# Road block?



## HD69 (Apr 20, 2012)

Was wondering if anyone had any suggestions on something to plant along the road that my hunting property is on? It would be for two reasons. Stop some of the dust that the road has during the dry months and to try to prevent some of the shining/poaching that seems to be a problem. I have been told switchgrass but i don't have any experence with it, don't know how tall it gets how long it takes to grow. I have planted some pine trees but was looking for something that will grow faster! I would appreciate any info that any MS forum members have.


----------



## nofork (Jan 25, 2005)

If you want to plant a grass species, try a Miscanthus or a variety of swithgrass "THUNDERCLOUD" spp. which is rumored to grow up to 10 feet tall.


----------



## Luv2hunteup (Mar 22, 2003)

You have some options.

Norway spruce would be a long term solution. Seedlings should be available from your local NRCS office.

Miscanthus giganteus would be a medium term solution.
http://www.lacycreekgrowers.com/misc-gig.html

Sorghum-sudan would be an annual solution.
http://www.welterseed.com/productItems.aspx?id=12&org=0

Egyptian wheat would be another annual solution.
http://www.seedland.com/mm5/merchan...land&Product_Code=WG-EGP-WH-50&Category_Code=


----------



## on_point (Sep 30, 2011)

Cave in Rock switchgrass or Miscanthus Giganticus is good choices and are perennials. If you are looking for something immediate and this season to provide you cover I would try Egyptian Wheat or Sun Hemp. Both are easy to establish grow vigorously and get up to 10' tall. Sorghum sudangrass would be another choice to consider. These are all annuals so they will need to be replanted every year but will by far give you the most immediate results.


----------



## DIYsportsman (Dec 21, 2010)

Sunflowers










_OutdoorHub Mobile, the information engine of the outdoors._


----------



## HD69 (Apr 20, 2012)

thanks for the replies i have looked into some of them and they sound very interesting! I forgot to mention that this will be a block to the view of a 6 acre plot of purpletop turnips that i have had great results with. I have plots in the woods but out in this field was the only spot i could put a plot in of this size. The deer came to this plot better than i could ever imagine and it gives them food well into the winter! I guess i never really thought about how visible they would be. I have pines planted but i need something to fill the gap until they get bigger and i think some of the suggestions would probably be some good cover for other critters as well!


----------



## HD69 (Apr 20, 2012)

I planted 40 1/2 gallon starters of the miscanthus gigantus memorial wk end.

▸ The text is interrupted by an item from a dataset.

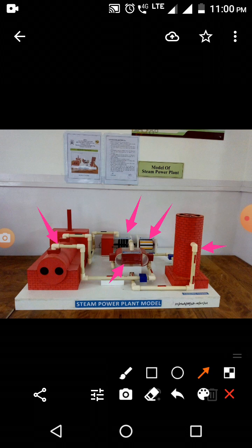Now we start with the high pressure boiler. The high pressure boiler is used to convert water into high pressure steam or superheated steam. This superheated steam has very high potential or high energy content.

The owners at lacy creek were very friendly & helpful. I planted them in a row 4' apart and put some sunflowers inbetween the grass. I think the timing was perfect got a good rain shortly after planting. It will take awhile for the grass to reach its full potential but i cant wait to see what it does! I just wanted to post a thanks again for the replys they got the ball roll'n!!


----------



## DIYsportsman (Dec 21, 2010)

HD69 said:


> I planted 40 1/2 gallon starters of the miscanthus gigantus memorial wk end. The owners at lacy creek were very friendly & helpful. I planted them in a row 4' apart and put some sunflowers inbetween the grass. I think the timing was perfect got a good rain shortly after planting. It will take awhile for the grass to reach its full potential but i cant wait to see what it does! I just wanted to post a thanks again for the replys they got the ball roll'n!!


Cool, should be giod for the birds too like doves and such...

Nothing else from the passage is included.